Check
ISBN: 978-65-87289-23-6
GT22: As Festas na pandemia de Covid-19

Hugo Menezes Neto, Luciana Chianca

A COVID-19 abalou profundamente o calendário cíclico das festas populares tradicionais. Porém, contrapondo-se ao caos e à desordem pandêmicas, a festa respondeu com a concretude de processos rituais particulares, mobilizando também sentidos cosmológicos amplos do viver coletivo. Desde a preparação à realização das festas, a pandemia afetou as mobilizações, congraçamentos e encontros, pois independentemente da sua dimensão, todas foram atingidas pelo medo, inseguranças e perdas de vidas. Alterando o trânsito festivo pelos espaços e territórios, a COVID-19 interferiu no turismo e na economia de muitas cidades - pois as festas também envolvem trabalho, emprego e o sustento de muitas pessoas, famílias e grupos.
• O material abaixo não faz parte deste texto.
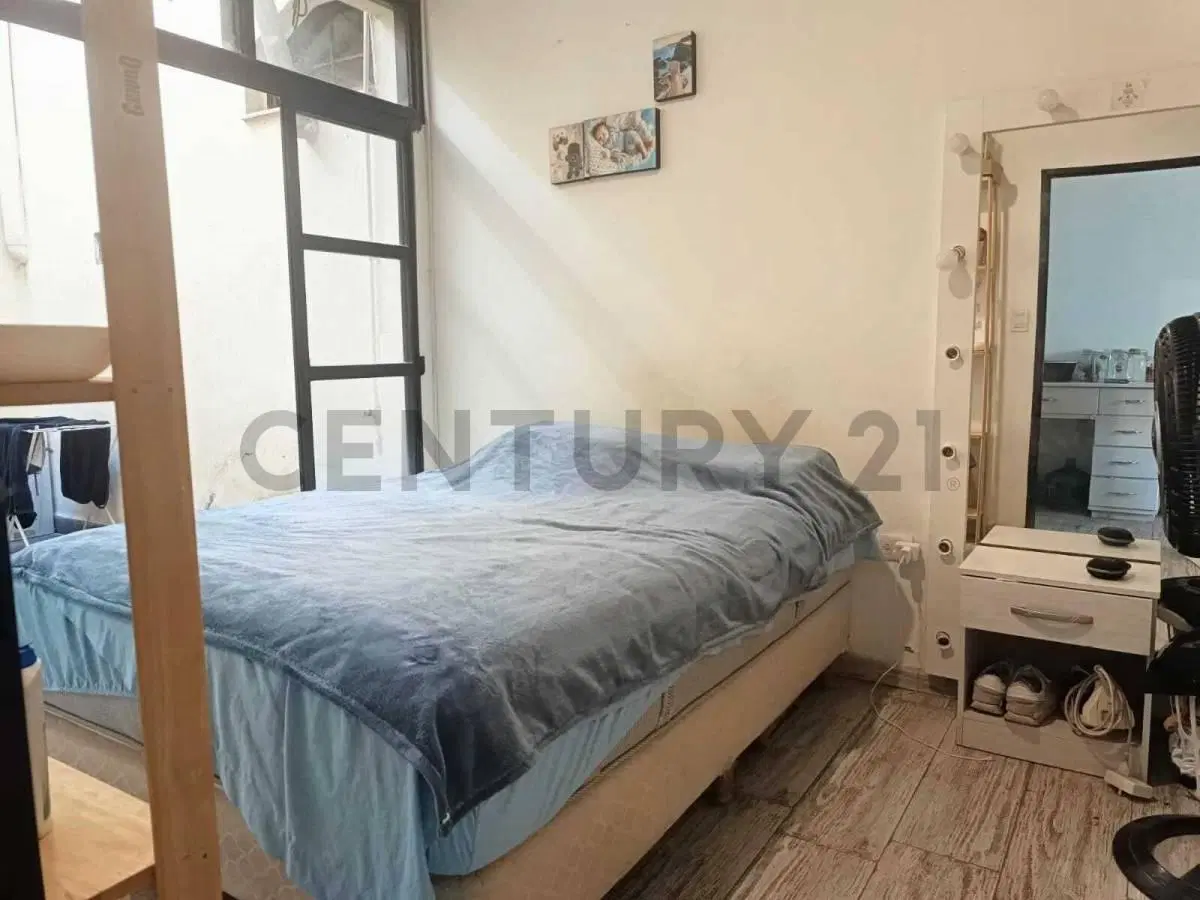 Se vende departamento. Ciudad. Sexta sección 4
Este GT pretende reunir pesquisas que abordem como as festas tradicionais da cultura popular contemporânea - carnaval, semana santa, festejos juninos, celebrações do Divino, festas de santo, romarias, procissões e cantorias, entre outras - têm enfrentado a suspensão da presença física tão determinante na experiência ritual. Queremos debater as adversidades, a adaptação e a capacidade de resiliência das festas (e festeiros) nesse período excepcional que impediu a ocupação dos espaços característicos de sua preparação e celebração, apontando, ao mesmo tempo, para uma propulsão criativa, como, por exemplo, nas mobilizações virtuais. Em "tempos de cólera", como a experiência festiva se reconfigura através de novas práticas, dinâmicas e ordenamentos?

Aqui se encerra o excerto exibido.